Abierto el diálogo de mis entrañas: Una de las piezas que conforma mi ansiedad es el “miedo al futuro¨. Se impone, pero en realidad soy yo entregándole mis pensamientos intrusivos. Él los proyecta en una nube ficticia de desgracias. Busco nobleza con mis latidos acelerados, el ahogamiento de lo inexplicable y las sensaciones de mi muerte inmediata, repentina. Al final no sucede nada, a manera de regresar a la calma hundo el dedo índice en las aguas turbulentas y todo pasa. Se concreta una película de suspenso que ha visto la salida al final del túnel en la última escena.
Trabajo con la desilusión. Espero más de lo que ofrezco, espero de los míos lo que yo daría, siempre lo mejor. Termino despidiendo con resignación todo aquello que no llegó, lo que no recibí. Busco convencerme de alegrarme por lo que dí en una forma de consuelo y como remuneración, pero hacerlo me sabe a “no me quieren, estoy sola”.
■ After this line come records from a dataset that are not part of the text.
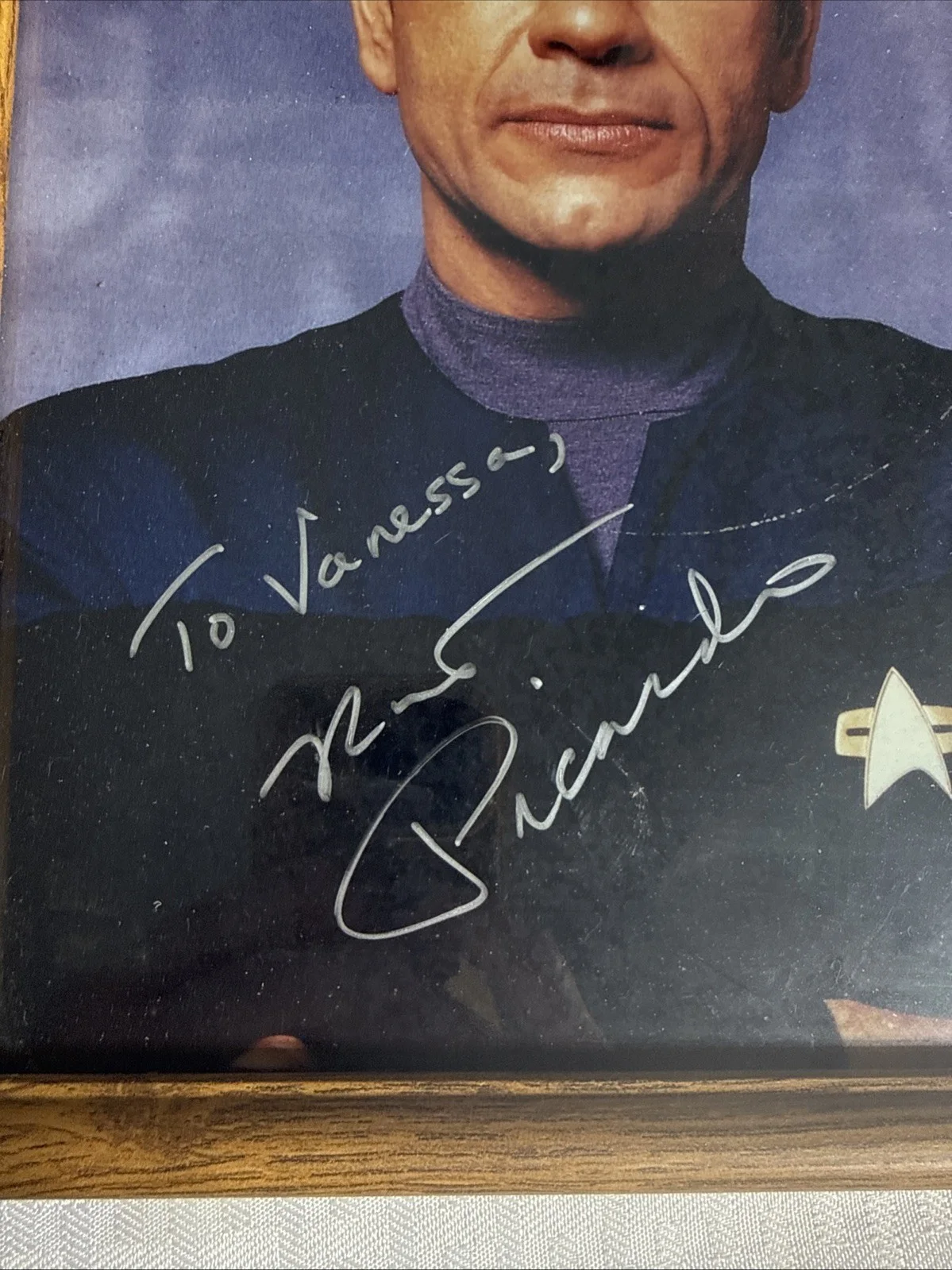 ROBERT PICARDO SIGNED 8x10 PHOTO THE DOCTOR STAR TREK VOYAGER BECKETT BAS., изображение 3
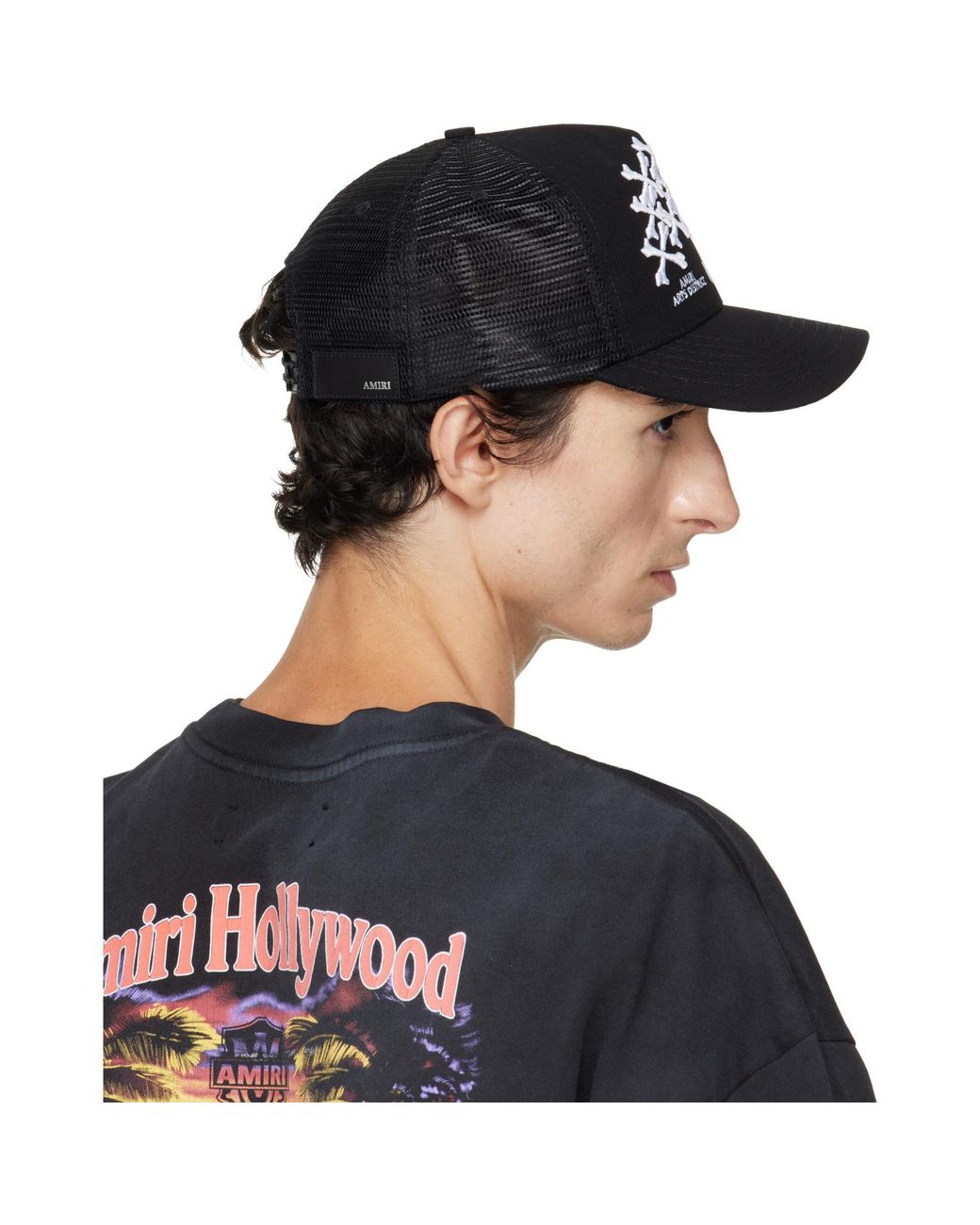 Amiri Blue Bones Stacked Trucker Cap for men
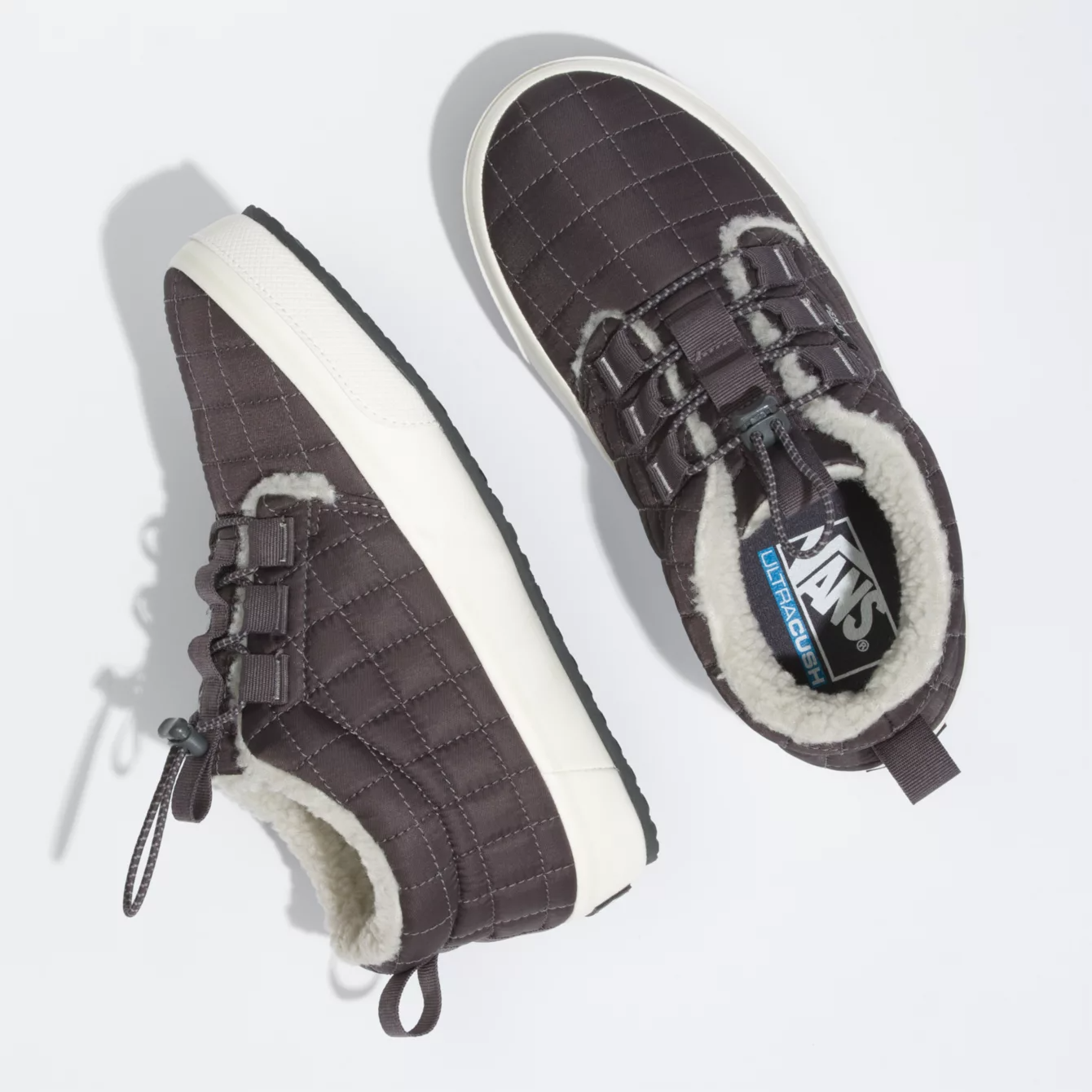 Vans Chukka Slip-Er Asphalt/Sherpa Nylon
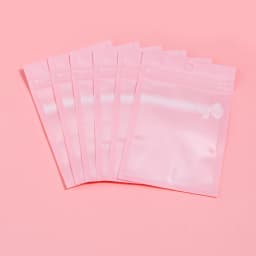 20pcs/lot Pink Clear Ziplock Bag Bow Tie Candy Cookies Packaging Bags Jewelry Ornament Beads Storage Pouches Gifts Snack Bag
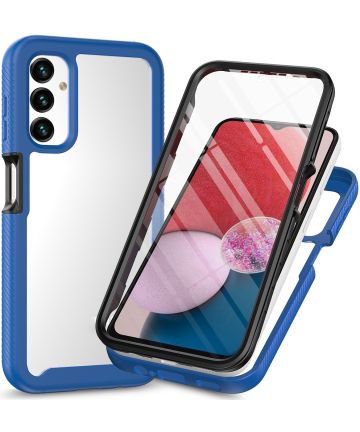 Samsung Galaxy A14 Hoesje Full Protect 360° Cover Hybride Blauw Hoesjes
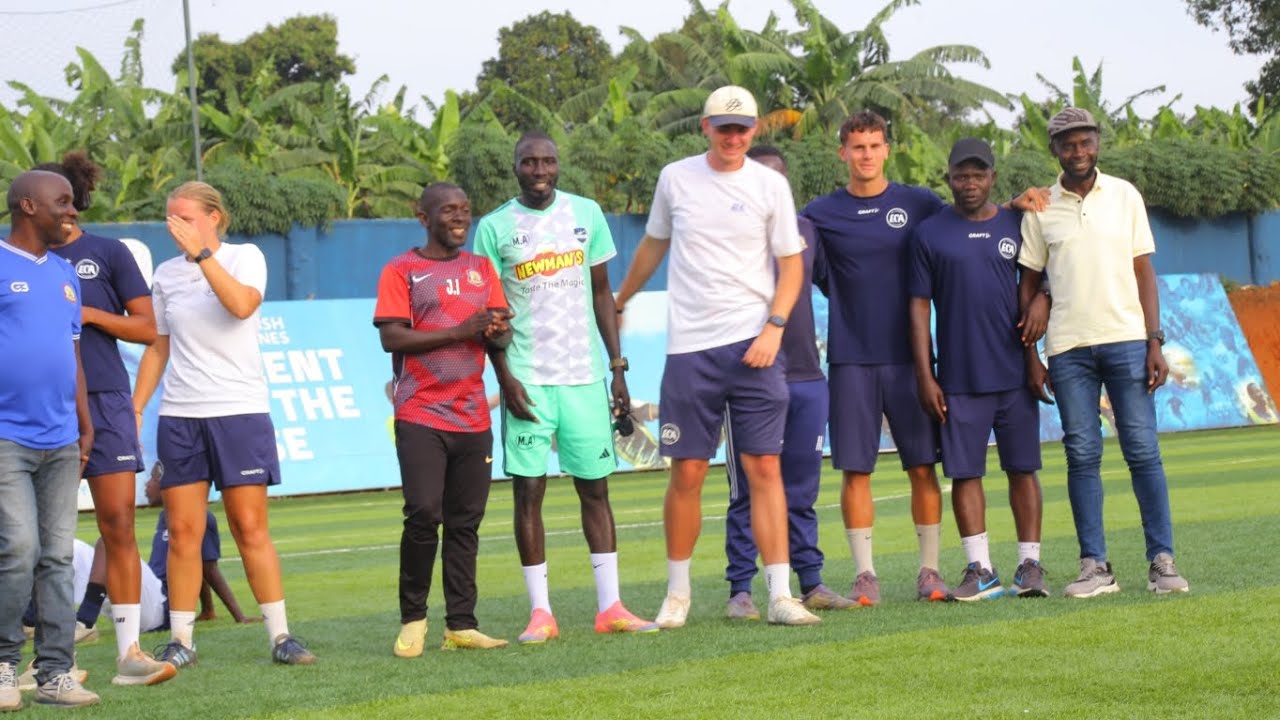 Capacity building with coach Abbey # EL- CAMBIO ACADEMY coach # Buddo ss.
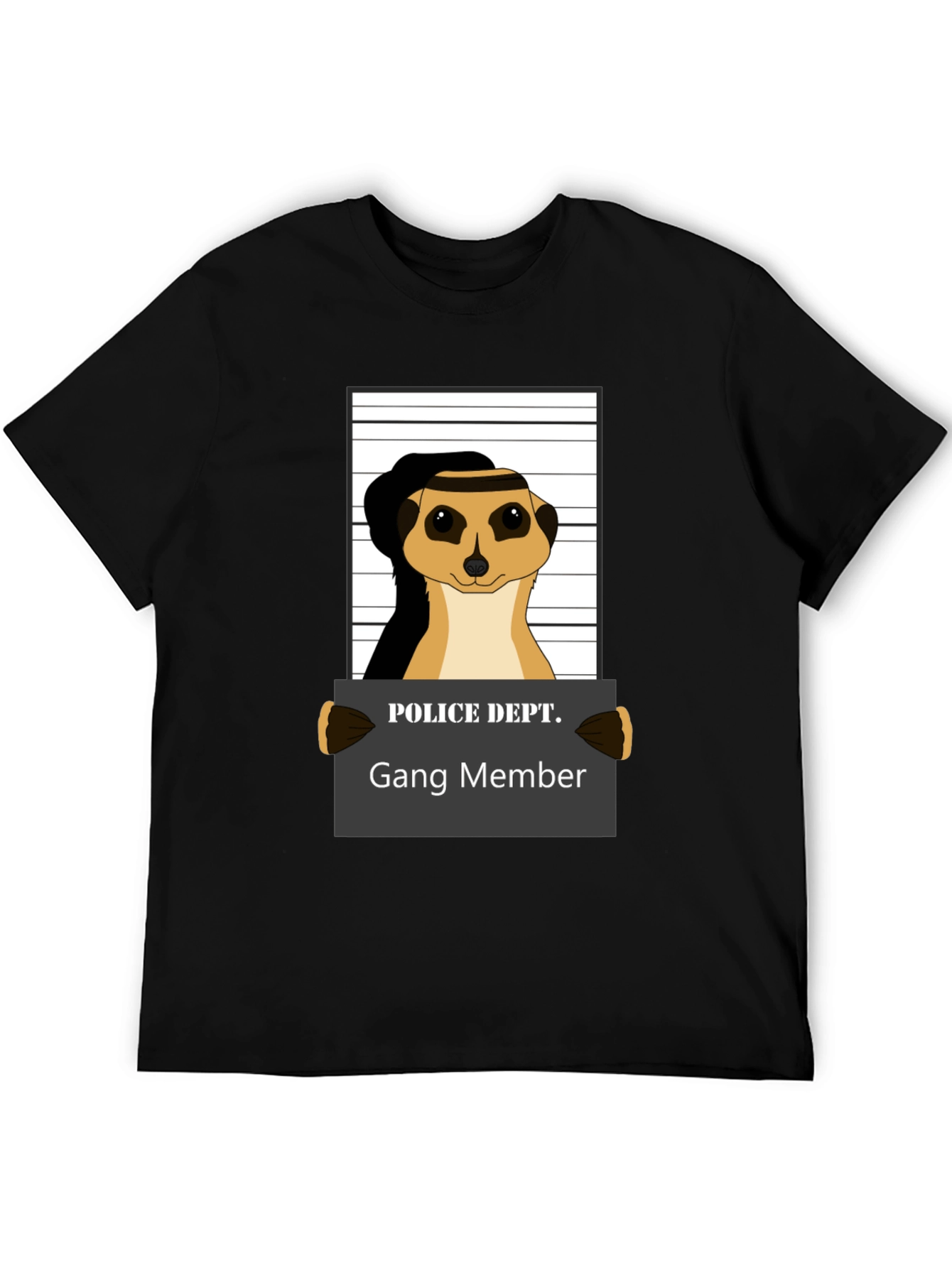 Gang Member Meerkat T-Shirt - Novelty Animal Tee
Otra parte que flota en un umbral obsesivo es el “miedo al fracaso”. Terminar los días en una vida vacía, sin dirección, sin un propósito claro, sin amor, sin dinero, sin felicidad, sin salud. De ahí se desdobla otro de mis miedos, el “no puedo”, aunque sepa que tengo la inteligencia y las capacidades para hacer cualquier cosa.
Podría alargar la lista de mis restricciones más personales, pero he señalado las que me provocan más ruido mental, más imposibilidad física, más barreras en el entorno familiar, social y laboral. Todas las que me han tenido en una especie de sometimiento que a veces me hace creer que este mundo y su experiencia se trata de una “cárcel del miedo”, una sustancia inyectada en la memoria del ADN, un trauma en el subconsciente, un arraigo que va mutando de generación en generación dentro del núcleo donde naces, te programan y tienes muertes emocionales constantes.
Pienso que quizás, el día en que cuente de nuevo mi historia será sobre la cúspide de la resiliencia, sino absoluta, muy significativa.